_Exercise requirements_. Write out again the lines from the line with "How to use commands" up to and including the line with "We are happy", exactly as they stand below, and skip any picture.

_Provided information_.
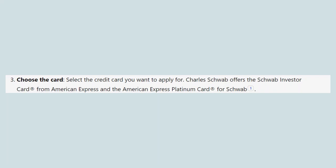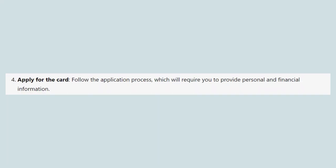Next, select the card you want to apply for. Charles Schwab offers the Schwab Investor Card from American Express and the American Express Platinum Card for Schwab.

* * *

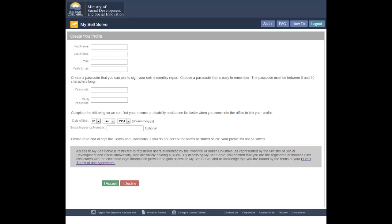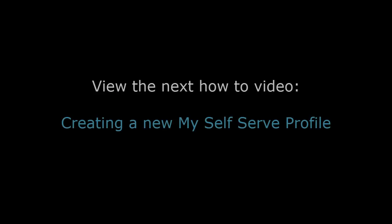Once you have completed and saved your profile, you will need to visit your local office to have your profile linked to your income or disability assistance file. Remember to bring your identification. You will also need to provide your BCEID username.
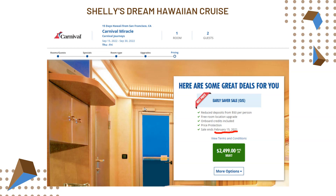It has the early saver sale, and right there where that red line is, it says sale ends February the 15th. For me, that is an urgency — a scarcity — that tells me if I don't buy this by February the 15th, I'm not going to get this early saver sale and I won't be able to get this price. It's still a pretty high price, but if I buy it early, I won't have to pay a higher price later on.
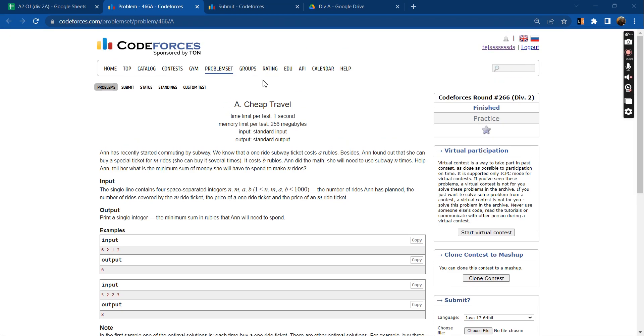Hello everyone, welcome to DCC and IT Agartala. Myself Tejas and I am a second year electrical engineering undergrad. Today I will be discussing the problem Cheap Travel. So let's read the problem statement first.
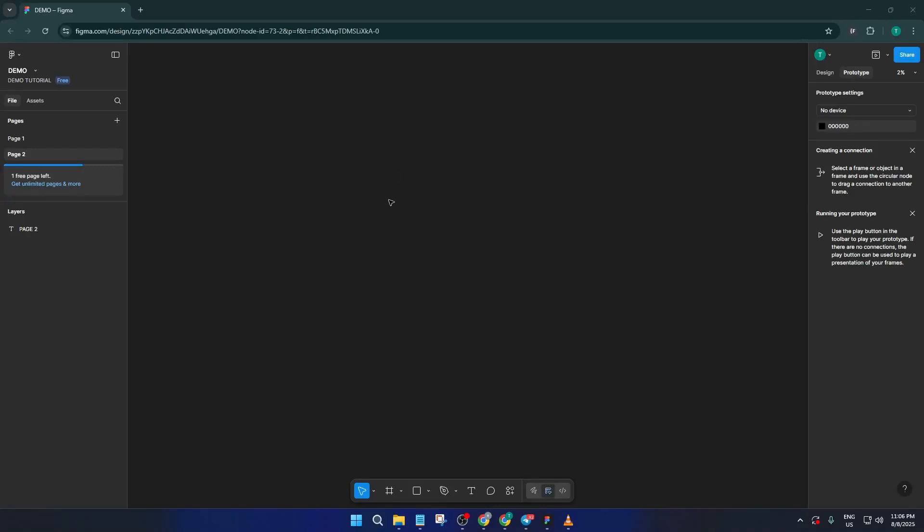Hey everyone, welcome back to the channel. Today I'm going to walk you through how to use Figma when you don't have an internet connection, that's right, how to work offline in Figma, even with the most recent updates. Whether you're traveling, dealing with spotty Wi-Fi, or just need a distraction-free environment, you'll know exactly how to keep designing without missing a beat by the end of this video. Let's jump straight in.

--

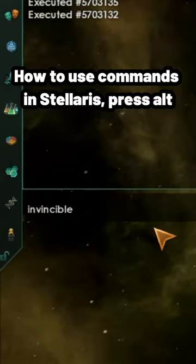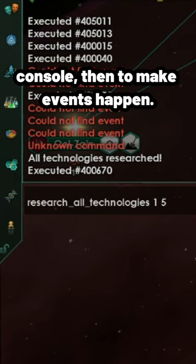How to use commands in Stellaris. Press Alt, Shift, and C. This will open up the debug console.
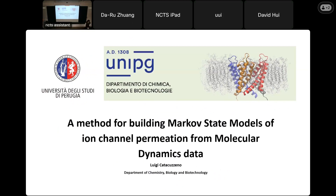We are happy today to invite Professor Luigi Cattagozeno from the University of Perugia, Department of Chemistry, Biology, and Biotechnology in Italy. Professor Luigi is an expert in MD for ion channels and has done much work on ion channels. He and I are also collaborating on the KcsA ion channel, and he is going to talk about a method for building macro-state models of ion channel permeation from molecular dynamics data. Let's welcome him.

_Response_.
How to use commands in Stellaris. Press Alt, Shift, and C. This will open up the debug console.
We are happy today to invite Professor Luigi Cattagozeno from the University of Perugia, Department of Chemistry, Biology, and Biotechnology in Italy. Professor Luigi is an expert in MD for ion channels and has done much work on ion channels. He and I are also collaborating on the KcsA ion channel, and he is going to talk about a method for building macro-state models of ion channel permeation from molecular dynamics data. Let's welcome him.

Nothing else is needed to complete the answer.